En un tiempo en que los gobernantes intentan quebrar la división de poderes, los agricultores no se fían de nadie

Hay épocas en que el progreso es reaccionario y lo reaccionario resulta progresista. Esta reflexión de Schopenhauer no pasa de moda. En los 80, las canciones de la Movida parecían revolucionarias y hoy lo transgresor sería enviar una canción de Manuel Alejandro a Eurovisión. Tan extraordinario como saborear un buen tomate sin que te claven en un restaurante. Los agricultores están que trinan porque no sabemos lo que queremos. Por un lado tenemos el tomate polimérico que sabe a plástico, y por otro el de toda la vida a un precio desorbitado, porque es ecológico, de verdad, el que nos vendían de niños en el ultramarinos. ¿Qué productos usan para abonar la tierra? Lo ignoramos. Pero después de años demandando esos tomates tan estupendos e iguales que no saben a nada, ahora tenemos que pagar un extra para comer los tomates de siempre. Y encima el agricultor es quien menos gana en esta vorágine de un mercado que ni siente ni padece.

En un tiempo en que los gobernantes cuestionan la división de poderes y lo progresista es amnistiar a los delincuentes, los agricultores protestan a su aire porque ya no se fían de nadie. Las organizaciones agrarias se lo tienen que hacer mirar. Y también las fuerzas del orden, porque tras el enésimo día de bloqueo de las carreteras peligra la cadena de suministros y la cosa se pone muy fea. Lo más grande es que nuestros dirigentes se limitan a darles la razón como si no fuera con ellos. La culpa la tienen la burocracia europea y un mercado común que no protege a todos por igual. A los franceses no les gustan nuestros tomates, pero lo que sucede con los tomates también pasa con el pollo: aquí y en toda Europa. Hoy nos comemos un filete que no sabe a nada con la tranquilidad con que los dirigentes nos inyectan un cuento chino. Entre lo políticamente correcto, el neopopulismo y el poderío de las redes sociales, vamos hacia una sociedad antipática donde nada es lo que parece porque todo es mentira. Una sociedad que renuncia a la cultura del esfuerzo y que en definitiva pretende cambiar el campo real por un escenario idílico sin agricultores ni ganaderos ni olor a estiércol porque las vacas también contaminan. Una sociedad que celebra como lo más revolucionario que los tomates sepan a tomates y las fresas a fresas. ¡Albricias! No se dejen engañar por los productos a dos duros que parecen fabricados en serie, sin una mácula. En el fondo todos sabemos que para conservar su sabor no importa tanto su aspecto como el origen.
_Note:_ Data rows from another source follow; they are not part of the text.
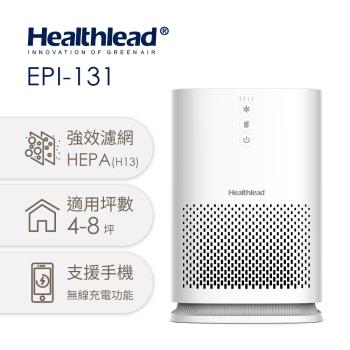 【德國 Healthlead】超濾淨抗敏強效空氣清淨機(H13級HEPA濾網/手機無線充電功能/小坪數首選/節能省電)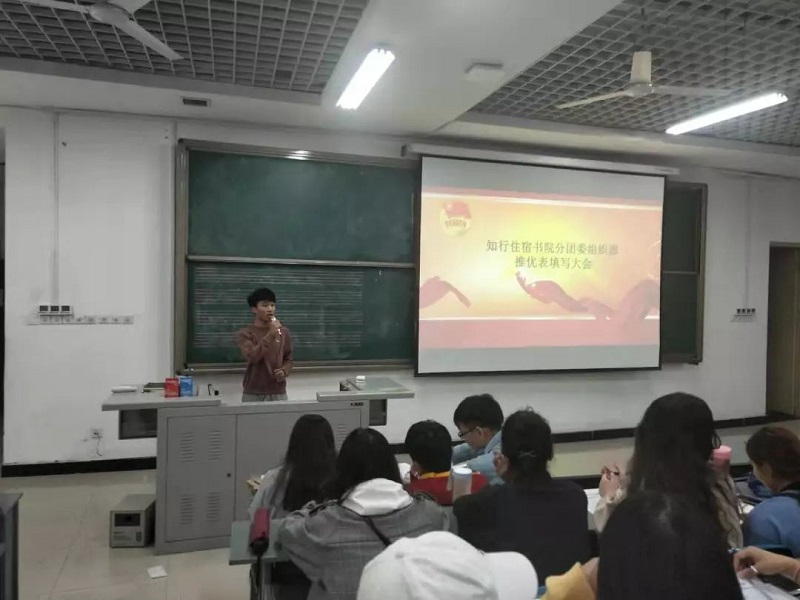 微信图片_20191023090311.jpg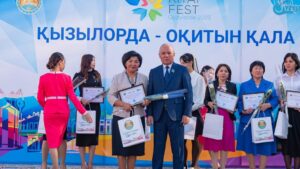 Мақала туралы толығырақ оқыңыз ҚҰТТЫҚТАЙМЫЗ!!!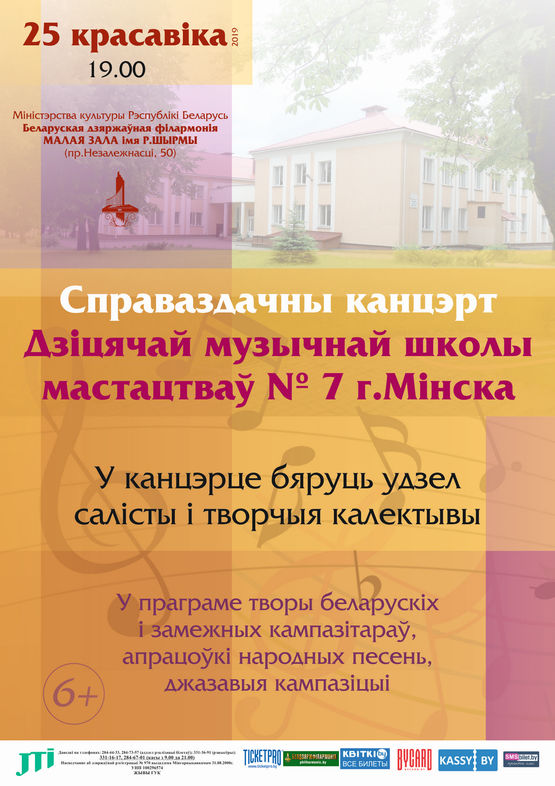Report concert of the children's music school of art №7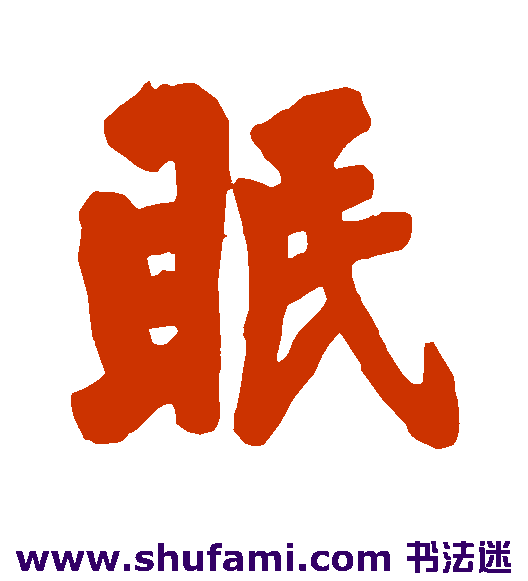 黄庭坚行书书法作品欣赏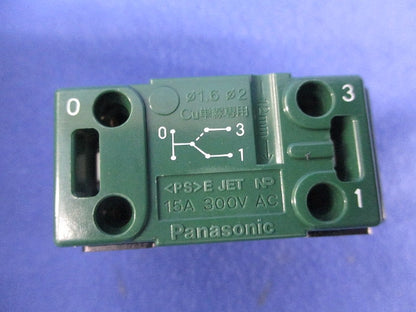 埋込スイッチC(6個入) WT5002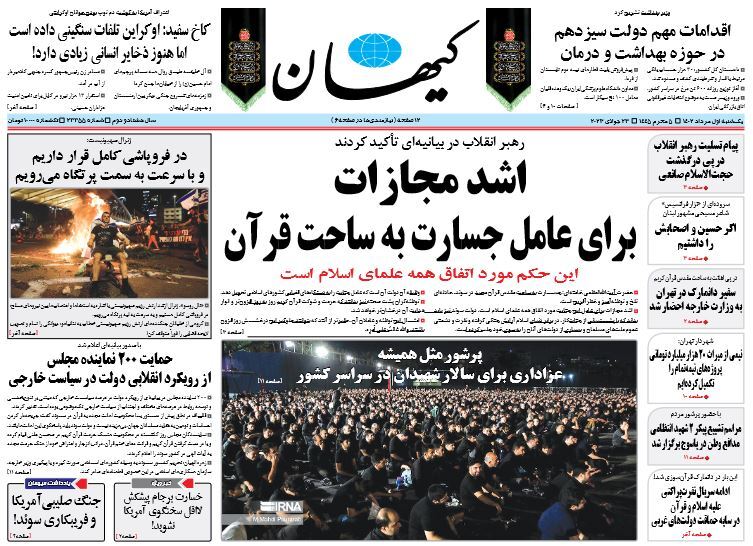 روزنامه کیهان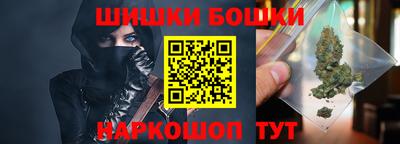 ПСИЛОЦИБИНОВЫЕ ГРИБЫ Балашиха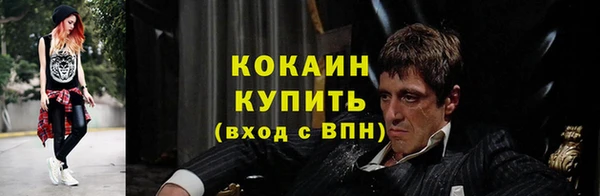 ALPHA PVP Карталы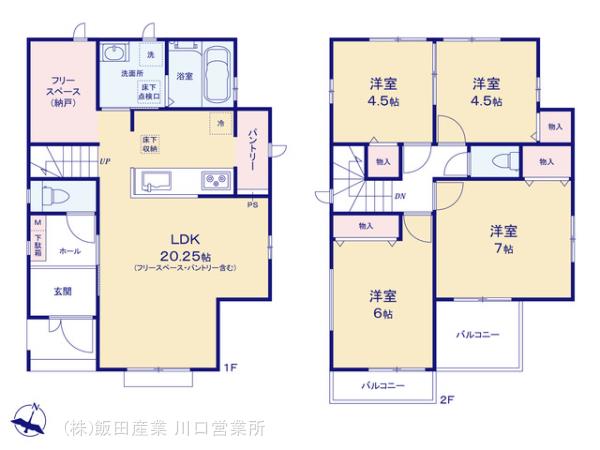 ハートフルタウン川口安行領根岸第4の見取り図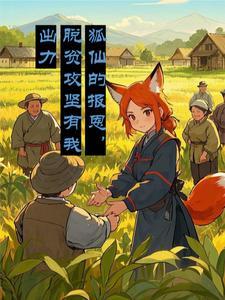 狐仙报恩的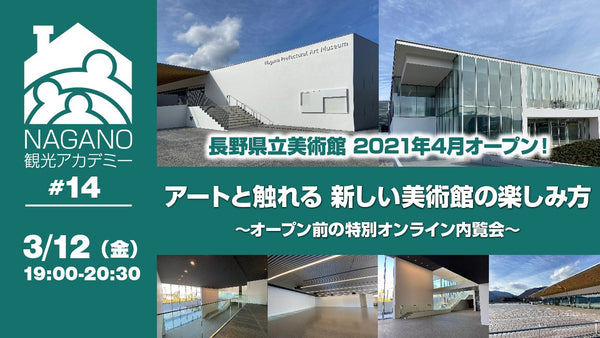 #14 【長野県立美術館 2021年4月にオープン！ ／アートと触れる新しい美術館の楽しみ方 〜オープン前の特別オンライン内覧会~】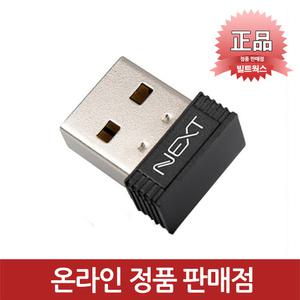 NEXT-202N MINI USB 무선랜카드 (정품)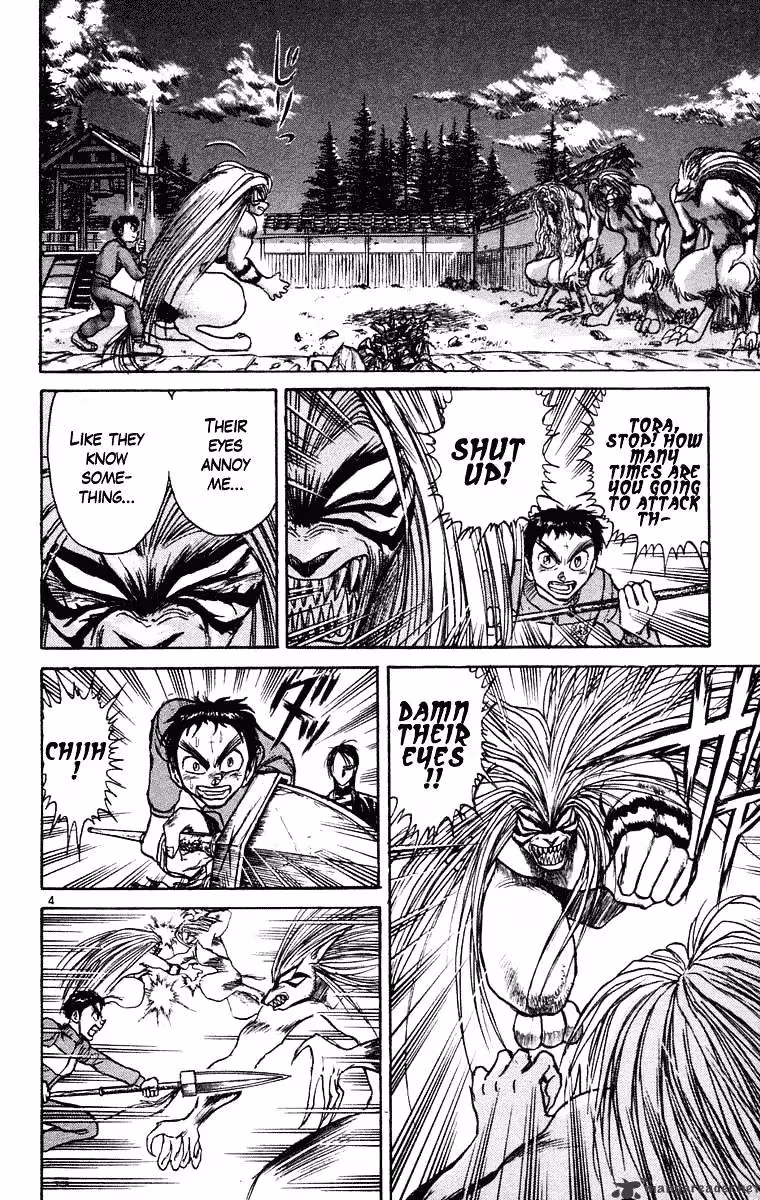 Ushio and Tora Chapter 240 page 4 -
Hace décadas lo revolucionario era abandonar el centro de las ciudades para vivir en un espantoso bloque de pisos. Hoy lo extraordinario pasa por mudarte a un pueblo a respirar aire puro lejos del ruido. Los niños no podrán ir al psicoanalista pero verán a una gallina poniendo un huevo. Y también podrán sembrar tomates de gran categoría.